Much of our analysis experience is in price management and inventory management. Each decision to change stocking levels or pricing requires information. Of course the president can always make sweeping gut-based changes but normal employees will feel uncomfortable rolling the dice on their career without some pretty good data.
Most coaching fails due to lack of data. When the pricing manager tells a branch manager or sales guy that he needs to change his pricing, he better have data to back his recommendation. Without data, the branch manager or sales guy pulls out his tried and true, “I know the customer” trump card and the changes are effectively stopped dead in their tracks. Frankly, when there is no data, I side with the guy closest to the customer too since he is at least involved in the process.
When the pricing manager can say, “I know you sold this product to seven customers at 20 different prices in the same week.

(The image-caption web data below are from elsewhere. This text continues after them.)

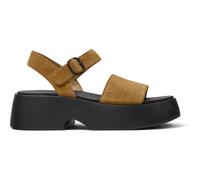 CAMPER Tasha - Sandals for Women - Brown, size 41, Suede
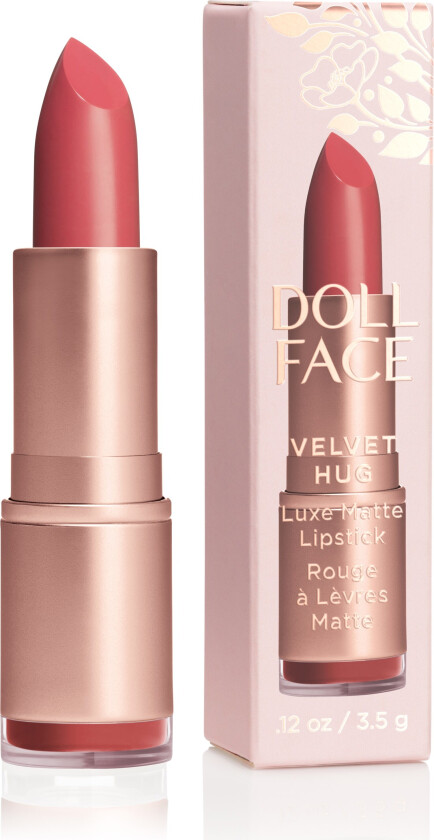Velvet Hug Luxe Matte Lipstick Cuddle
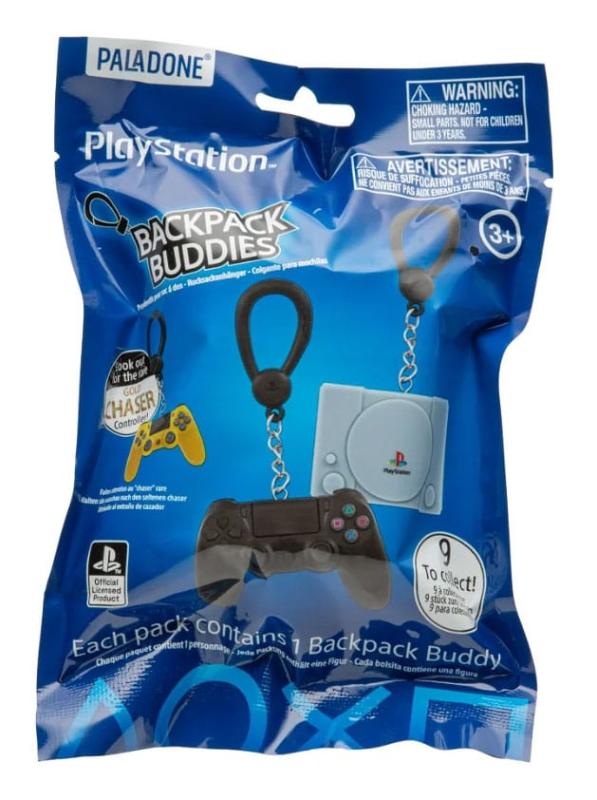 Playstation: Backpack Buddies Display (24)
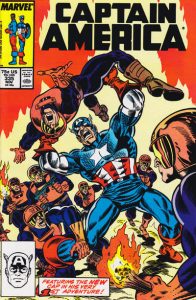 Captain America #335 (1987)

And by the way you sold the same customer at three different prices on the same day,” there is some basis for getting the pricing and inventory under control even when he plays his trump card or throws a “lay-on-his-back, kicking” tantrum.
For too many companies so much time is spent digging for information, they never get around to the actual business decisions and changes that will make them more successful. As part of our consulting we have developed software tools that help quickly extract and organize data into “decisionable” information. They are designed to work with millions of transactions so they can help small to large wholesalers effectively use the data in their computer systems. The magic is that 80% of the users’ time can be focused on making meaningful decisions while only spending 20% of their time spent accessing the information needed for those decisions.